11.2.2 Save Estimation Results

estimates store model_name stores the current (active) estimation results under the name model_name.

// Store estimation results as m1 for use later in the same session
. estimates store m1
// to get them back 
. estimates restore m1
// Find out what you have stored 
. estimates dir

estimates save saves the current active estimation results to a file with the extension .ster.

// Save the current active estimation results
. estimates save basemodel
file basemodel.ster saved

In a different session, you can reload those results:

// Load the saved estimation results
. estimates use basemodel
// Display the results
. estimates table

Q: What is the difference between estimates store and estimates save?
A: Once estimation results are stored (estimates store), you can use other estimates commands to produce tables and reports from them. estimates save saves the results to disk (as a .ster file) so that you can use them in a different Stata session.

  • estimates store keeps the results in memory, fast and temporary.
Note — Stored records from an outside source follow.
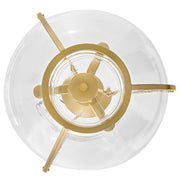 Hinkley 48557 Farrin 3-lt 14" LED Pendant - Lacquered Brass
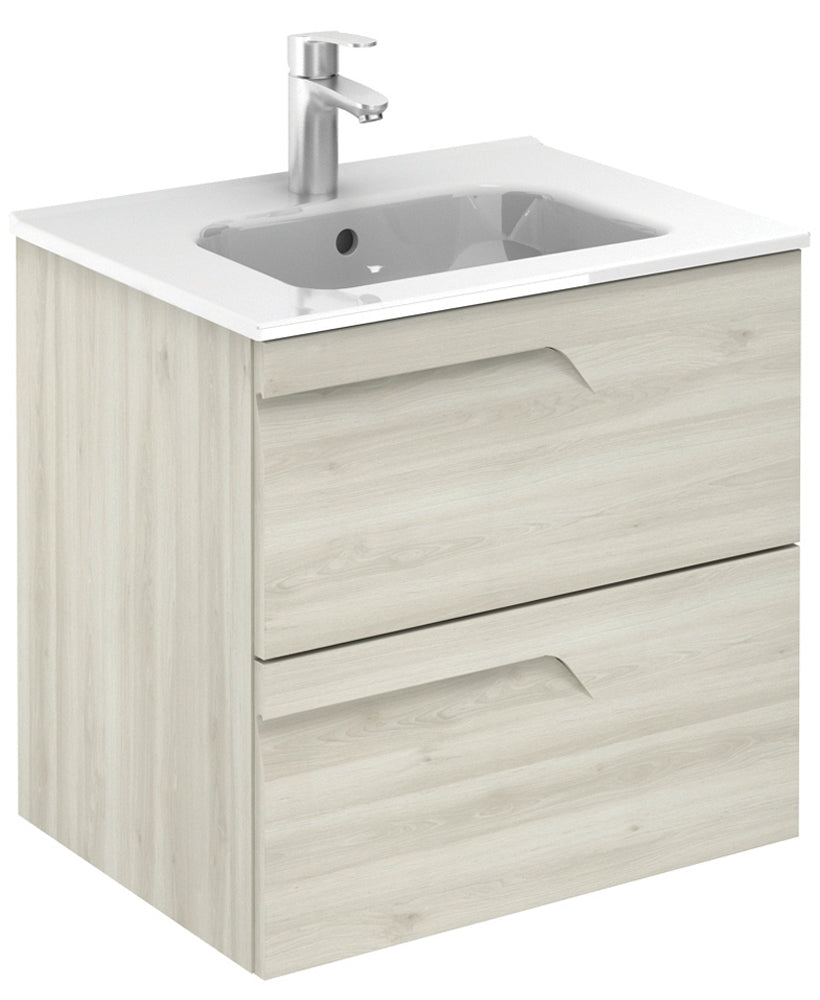 Brava Nature White 60 Vanity Unit & Slim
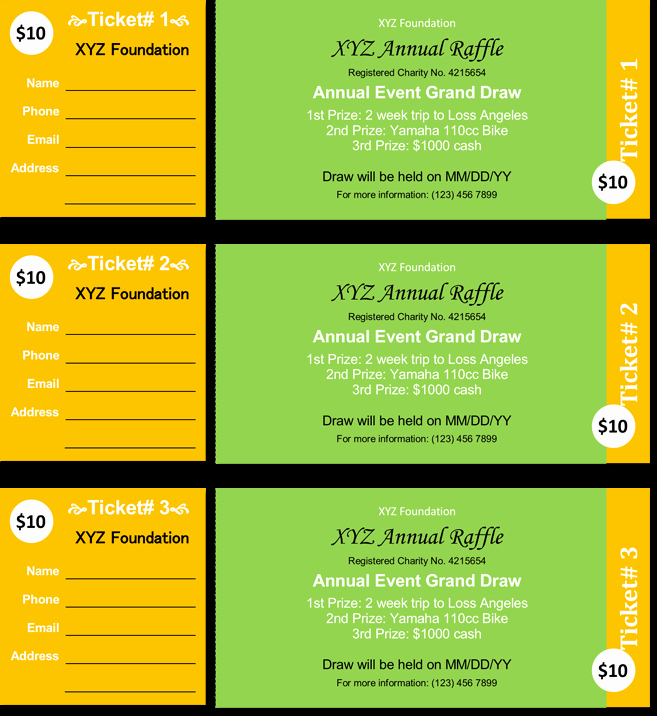 raffle ticket templates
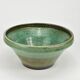green enameled basin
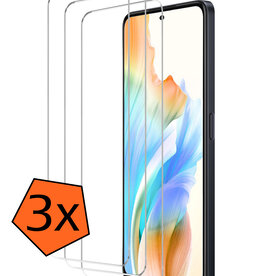 Nomfy Nomfy OPPO A98 Screenprotector - 3 PACK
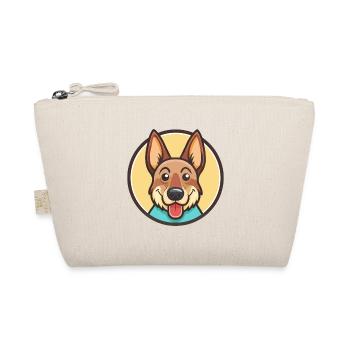 Cimarron Uruguayo Dog Breed Cartoon Kawaii Clipart - Organic Pouch - nature - Front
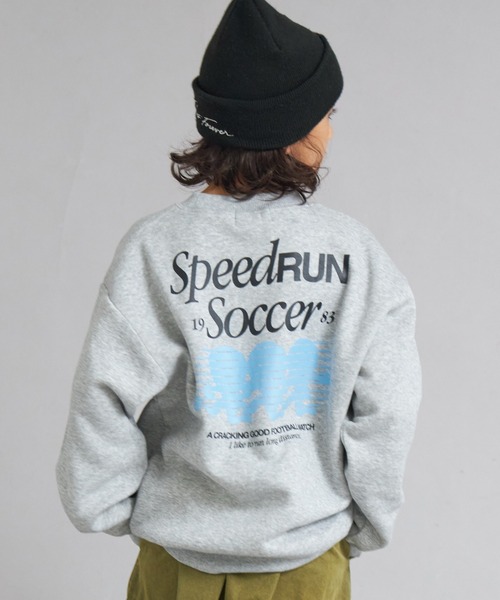 裏起毛 ロゴプリント オーバーサイズ スウェット トレーナー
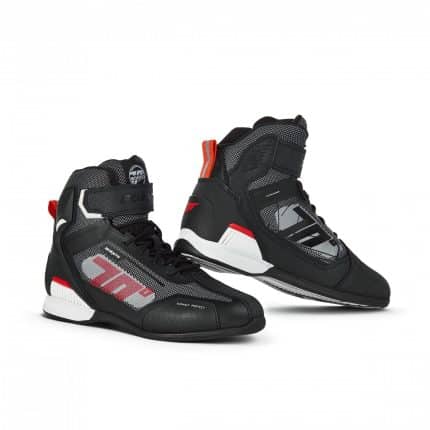 BOTAS DE MOTO SEVENTY DEGREES BOTA SD-BR2 VELOCE NEGRO ROJO BLANCO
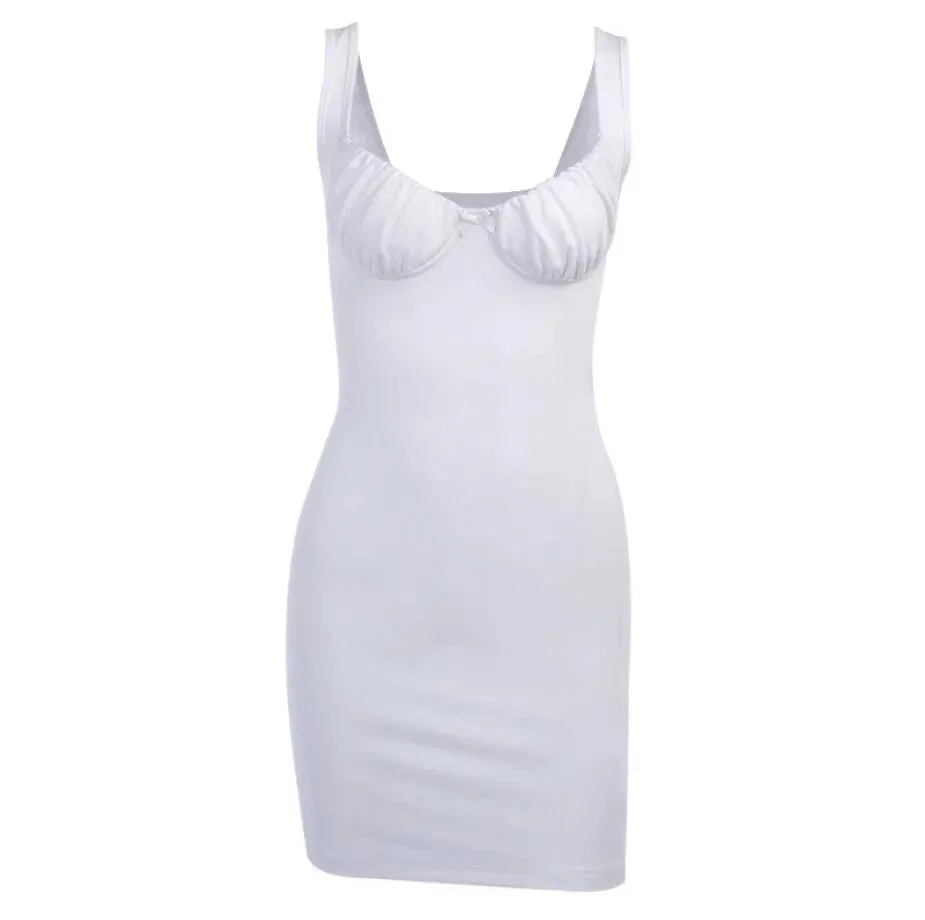 TAVIMART  -  Summer Sexy Dresses Bow knot pleated sling Backless Cross Bandage Bodycon Party Dress Pleated Stretch Short Vestidos Sundress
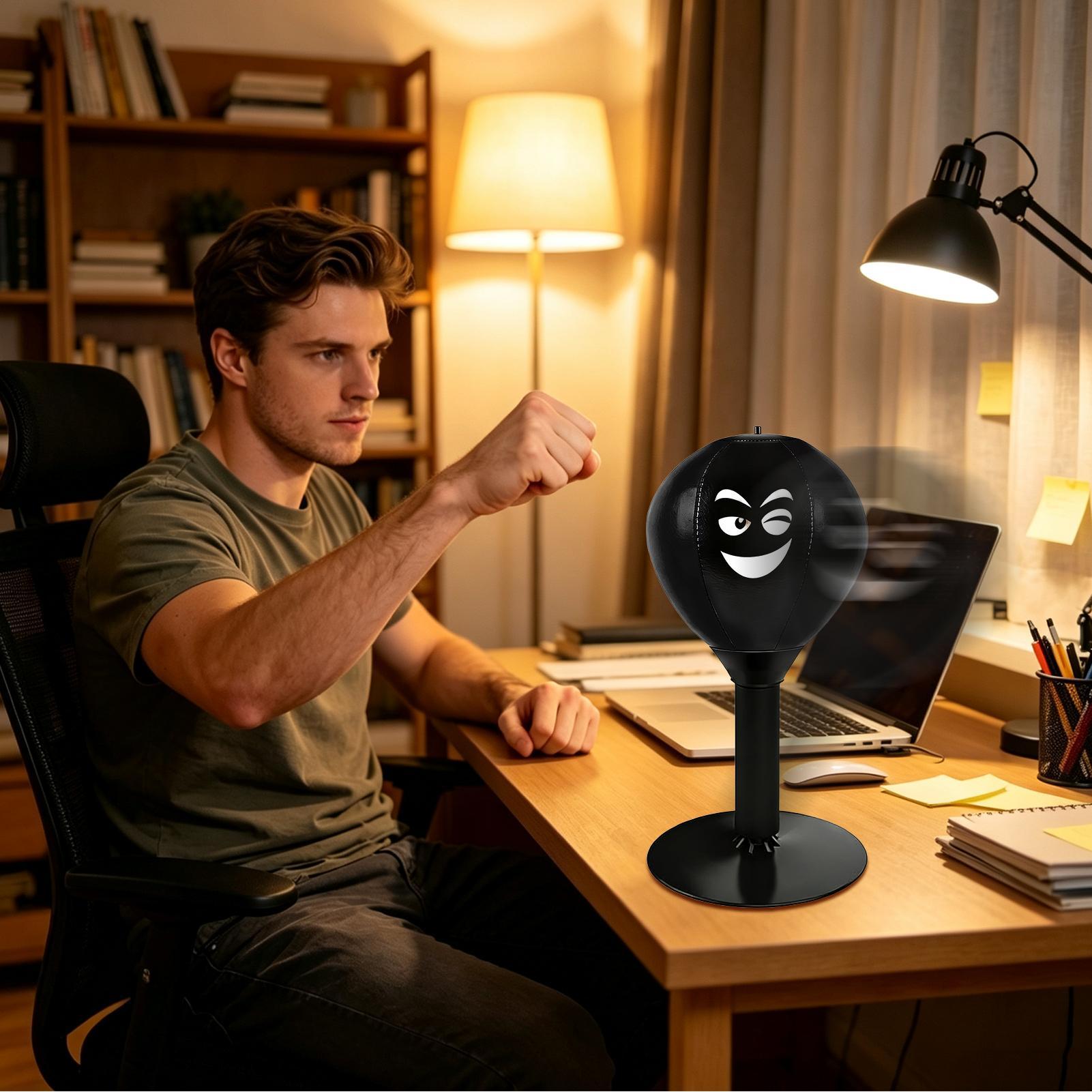 Bureauboxzak met zuignap, tafe - Boxing Punching Bag recensie en prijs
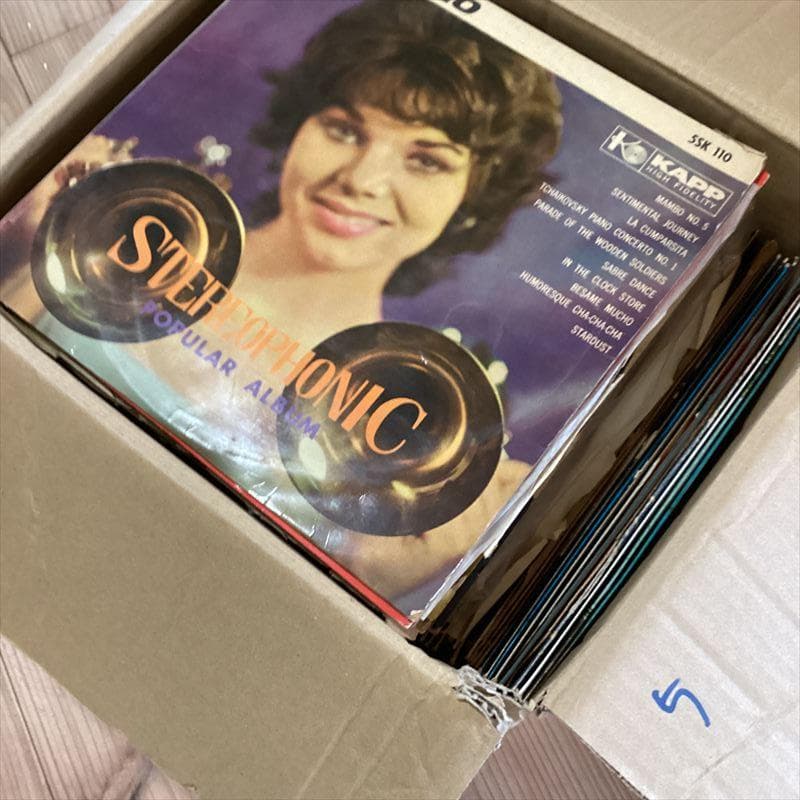 洋楽　10インチ【１箱】大量　RF0221-5　レコード　ムード　オールディーズ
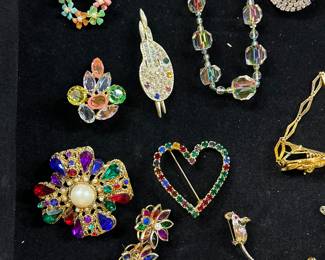 HUGE Costume Jewelry Collection! We've got Renoir Copper, Coro, Trifari, Matisse, Monet, Stephanie, Stephanie Covington, and fine art enamel jewelry that'll make you feel like royalty without spending a king's ransom.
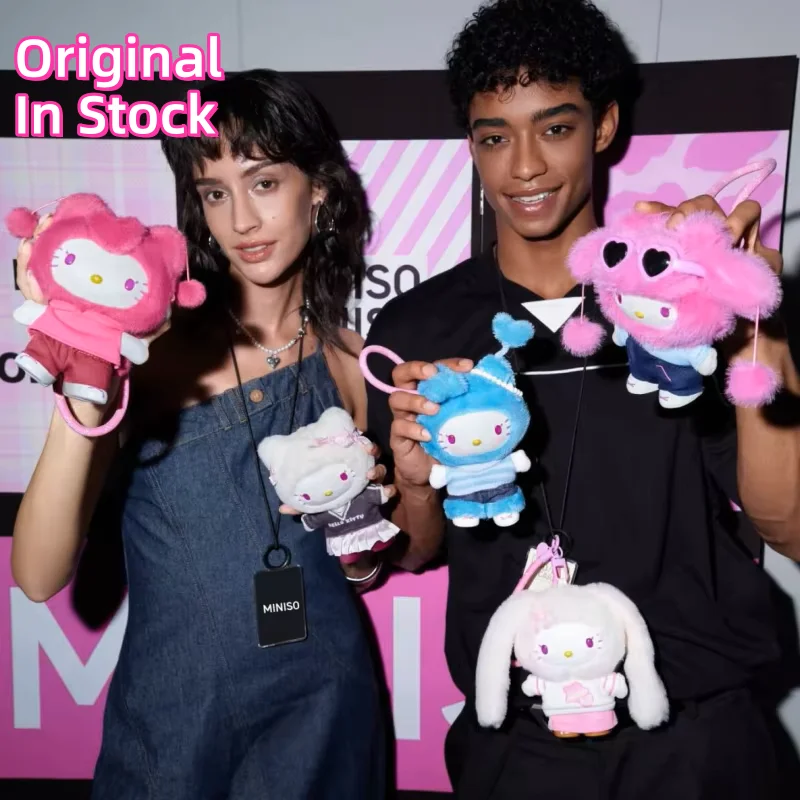 

Лидер продаж, оригинальные персонажи Hello Kitty, серия поп-звезд, виниловая коробка для лица, игрушки, сумка, подвески, брелки, украшения, модный подарок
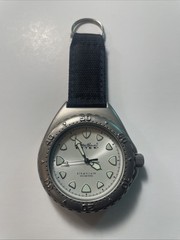 Eddie Bauer EBTEK Watch Mens Black Nylon Carry Diving Watch 330FT. #0115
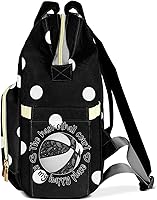 Vista 2 de Mochila de pañales de baloncesto con nombre, bolsa multifunción de gran capacidad para mamá, papá, unisex, niño y niña, Diseño 1, Mochilas Daypack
The most common use is to store results from multiple models in the same session for comparison.

  • estimates save keeps the results on disk, persistent. The most common use is to save time-consuming important results for future reference. Also useful when you want to share results with others.


Q: How to print the original regression output again after storing the results?
A: Use estimates replay model_name. This will show the original output as it appeared when the model was first estimated.


estimates table [namelist] [, options] organizes estimation results from one or more models in a single formatted table.

If you type estimates table without arguments, a table of the most recent estimation coefficients will be shown.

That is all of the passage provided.